## Your goal
Please retype the listing below word for word and exclude its images.

## Data shown
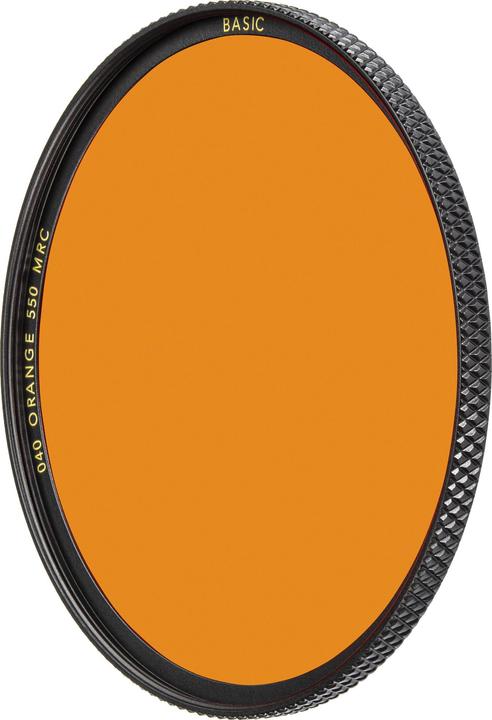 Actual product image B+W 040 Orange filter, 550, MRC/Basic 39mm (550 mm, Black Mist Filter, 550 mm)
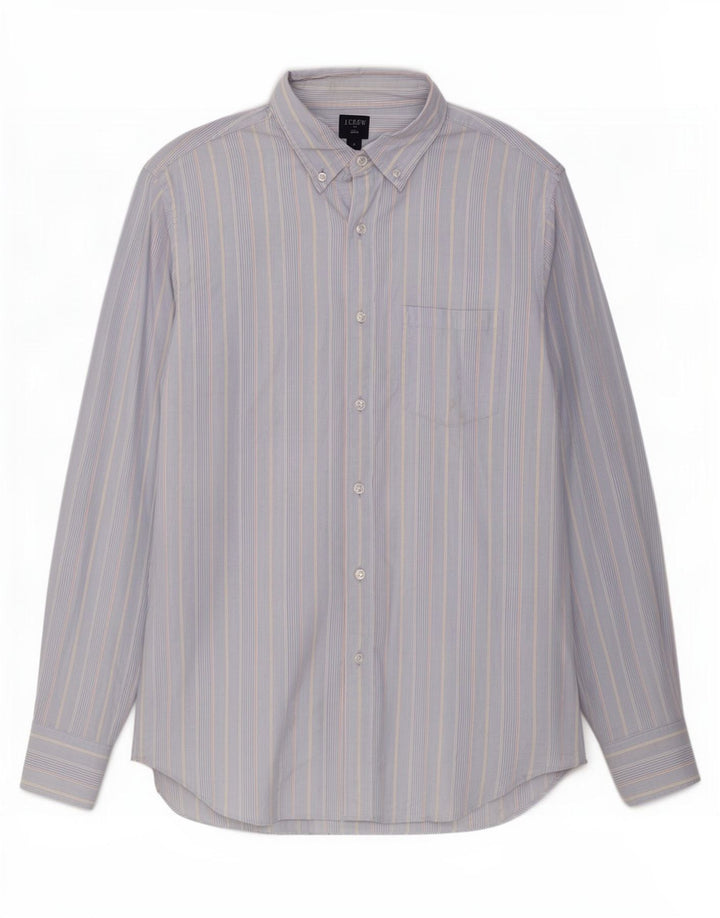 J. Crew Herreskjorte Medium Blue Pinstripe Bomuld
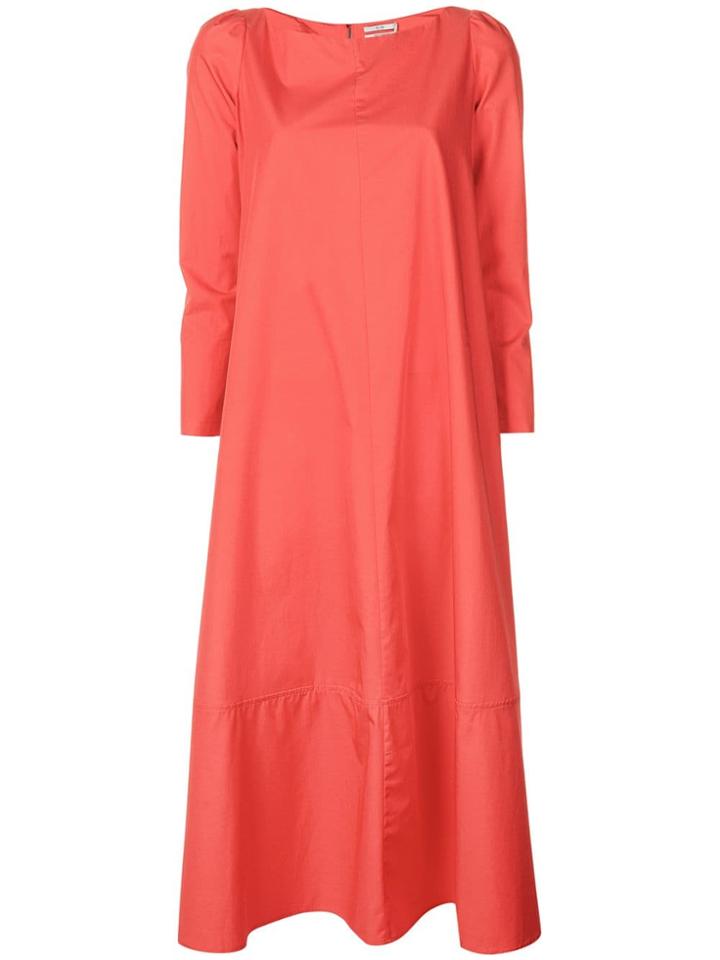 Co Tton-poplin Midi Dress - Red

## Solution to this problem
 Actual product image B+W 040 Orange filter, 550, MRC/Basic 39mm (550 mm, Black Mist Filter, 550 mm)
 J. Crew Herreskjorte Medium Blue Pinstripe Bomuld
 Co Tton-poplin Midi Dress - Red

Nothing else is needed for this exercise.